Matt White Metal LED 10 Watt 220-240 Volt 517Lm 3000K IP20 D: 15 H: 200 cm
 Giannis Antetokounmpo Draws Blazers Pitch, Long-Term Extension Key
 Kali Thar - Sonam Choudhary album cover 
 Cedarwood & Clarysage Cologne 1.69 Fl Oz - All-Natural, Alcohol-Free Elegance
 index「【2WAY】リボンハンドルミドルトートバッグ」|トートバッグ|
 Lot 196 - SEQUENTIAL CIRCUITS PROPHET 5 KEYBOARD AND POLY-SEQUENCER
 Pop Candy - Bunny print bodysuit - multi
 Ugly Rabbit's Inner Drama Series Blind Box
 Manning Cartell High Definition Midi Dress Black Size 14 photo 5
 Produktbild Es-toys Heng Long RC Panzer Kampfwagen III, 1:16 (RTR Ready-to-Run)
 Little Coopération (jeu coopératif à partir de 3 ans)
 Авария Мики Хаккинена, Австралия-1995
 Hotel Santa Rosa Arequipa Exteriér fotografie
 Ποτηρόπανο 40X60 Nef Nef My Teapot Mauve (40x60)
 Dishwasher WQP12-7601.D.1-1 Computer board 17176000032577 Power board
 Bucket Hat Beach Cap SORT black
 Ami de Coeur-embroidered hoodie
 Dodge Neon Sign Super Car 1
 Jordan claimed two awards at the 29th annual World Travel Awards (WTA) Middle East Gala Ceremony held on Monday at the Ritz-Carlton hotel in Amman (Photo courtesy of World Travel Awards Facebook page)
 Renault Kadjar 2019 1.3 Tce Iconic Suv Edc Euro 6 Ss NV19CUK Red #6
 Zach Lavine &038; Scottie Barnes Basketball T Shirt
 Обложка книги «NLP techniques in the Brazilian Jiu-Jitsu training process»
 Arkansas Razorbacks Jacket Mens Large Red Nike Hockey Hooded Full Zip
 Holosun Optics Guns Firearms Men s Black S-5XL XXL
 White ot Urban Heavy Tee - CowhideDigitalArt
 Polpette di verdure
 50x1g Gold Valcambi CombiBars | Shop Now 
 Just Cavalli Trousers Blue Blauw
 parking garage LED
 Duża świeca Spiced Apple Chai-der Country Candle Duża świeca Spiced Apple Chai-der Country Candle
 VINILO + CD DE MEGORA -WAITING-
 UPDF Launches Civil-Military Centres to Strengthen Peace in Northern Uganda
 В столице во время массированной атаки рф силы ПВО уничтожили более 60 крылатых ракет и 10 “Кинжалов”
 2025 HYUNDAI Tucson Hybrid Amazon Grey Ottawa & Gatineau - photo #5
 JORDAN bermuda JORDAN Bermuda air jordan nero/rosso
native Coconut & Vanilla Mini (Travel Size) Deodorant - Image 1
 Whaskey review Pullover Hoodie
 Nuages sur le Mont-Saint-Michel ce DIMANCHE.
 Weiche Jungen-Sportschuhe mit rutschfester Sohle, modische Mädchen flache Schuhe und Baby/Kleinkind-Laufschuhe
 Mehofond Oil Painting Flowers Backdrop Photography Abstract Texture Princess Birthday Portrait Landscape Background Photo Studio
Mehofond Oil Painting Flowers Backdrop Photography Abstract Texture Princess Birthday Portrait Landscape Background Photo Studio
□ □ □ □ □ □ □
* _EXERCISE REQUIREMENTS_:
Search the records above for "Backdrop" and copy every line that has it.

* _ANSWER TO THE PROBLEM_:
 Mehofond Oil Painting Flowers Backdrop Photography Abstract Texture Princess Birthday Portrait Landscape Background Photo Studio
Mehofond Oil Painting Flowers Backdrop Photography Abstract Texture Princess Birthday Portrait Landscape Background Photo Studio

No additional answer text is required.